Dans son allocution, Franck Fwamba a rappelé les attentes exprimées par le Président de la République, Félix Tshisekedi, visant à assainir le secteur minier afin que les richesses nationales bénéficient effectivement aux populations congolaises.
Composée de représentants du ministère des mines, des coopératives minières, des négociants et de la société civile, la Commission élargie était structurée en trois sous-commissions : administrative et juridique, technique, ainsi que traçabilité et conformité.
Les équipes ont mené, dans un climat de calme et de sérénité, des auditions successives des entités concernées, couplées à des descentes sur le terrain et à des vérifications approfondies sur les sites des usines de traitement, afin d’assurer une évaluation exhaustive.

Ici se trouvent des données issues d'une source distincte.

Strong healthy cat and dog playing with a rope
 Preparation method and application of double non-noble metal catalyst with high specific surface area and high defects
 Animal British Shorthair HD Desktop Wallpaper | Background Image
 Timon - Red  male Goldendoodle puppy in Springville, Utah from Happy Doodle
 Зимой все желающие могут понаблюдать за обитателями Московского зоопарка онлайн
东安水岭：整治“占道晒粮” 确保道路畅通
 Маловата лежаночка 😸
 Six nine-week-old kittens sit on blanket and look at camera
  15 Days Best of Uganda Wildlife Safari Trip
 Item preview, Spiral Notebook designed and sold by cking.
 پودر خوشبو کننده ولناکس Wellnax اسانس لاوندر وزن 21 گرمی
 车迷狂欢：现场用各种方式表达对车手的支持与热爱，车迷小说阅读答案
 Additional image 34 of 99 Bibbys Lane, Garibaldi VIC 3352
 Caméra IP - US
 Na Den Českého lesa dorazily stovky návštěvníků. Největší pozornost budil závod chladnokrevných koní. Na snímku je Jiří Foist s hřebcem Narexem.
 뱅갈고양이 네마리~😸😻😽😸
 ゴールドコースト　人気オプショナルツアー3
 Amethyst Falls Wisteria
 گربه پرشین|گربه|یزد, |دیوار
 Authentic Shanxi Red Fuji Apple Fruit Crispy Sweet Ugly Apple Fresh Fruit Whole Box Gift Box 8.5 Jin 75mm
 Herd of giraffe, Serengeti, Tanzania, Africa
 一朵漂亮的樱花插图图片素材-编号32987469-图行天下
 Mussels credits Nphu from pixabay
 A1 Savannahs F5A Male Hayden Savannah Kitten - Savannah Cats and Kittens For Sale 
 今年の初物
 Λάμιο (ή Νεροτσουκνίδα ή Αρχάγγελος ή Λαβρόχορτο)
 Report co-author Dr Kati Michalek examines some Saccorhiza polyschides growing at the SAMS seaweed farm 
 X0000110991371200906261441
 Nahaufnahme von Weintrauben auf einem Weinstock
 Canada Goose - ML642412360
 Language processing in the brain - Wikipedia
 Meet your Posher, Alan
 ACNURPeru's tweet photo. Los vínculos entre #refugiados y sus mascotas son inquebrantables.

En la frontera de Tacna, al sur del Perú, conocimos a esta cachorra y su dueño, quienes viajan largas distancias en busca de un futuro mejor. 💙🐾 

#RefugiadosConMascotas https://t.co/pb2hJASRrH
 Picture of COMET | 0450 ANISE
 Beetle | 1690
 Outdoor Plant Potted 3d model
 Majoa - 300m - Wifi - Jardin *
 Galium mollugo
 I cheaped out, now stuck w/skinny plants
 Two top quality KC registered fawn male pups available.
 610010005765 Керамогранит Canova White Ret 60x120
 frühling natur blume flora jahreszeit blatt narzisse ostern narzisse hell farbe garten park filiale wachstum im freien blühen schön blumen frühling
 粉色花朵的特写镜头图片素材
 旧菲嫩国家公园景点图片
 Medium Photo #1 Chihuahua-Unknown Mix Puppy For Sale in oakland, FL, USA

Ces travaux ont abouti à l’adoption, à l’unanimité, d’un rapport d’étape, attestant du sérieux et du professionnalisme ayant caractérisé cette mission.
La prochaine étape portera sur la signature des procès-verbaux de clôture en vue de l’application des conclusions. Conformément au principe « Dura lex sed lex », tout manquement aux dispositions du Code et du Règlement miniers donnera lieu aux sanctions prévues par la législation en vigueur.
Par cette initiative, le ministère des Mines réaffirme sa détermination à renforcer la gouvernance du secteur extractif, à promouvoir la transparence et à garantir une exploitation responsable des ressources minières, au service du développement national, conformément à la vision du Chef de l’État, sous la coordination de la Première Ministre, Cheffe du Gouvernement.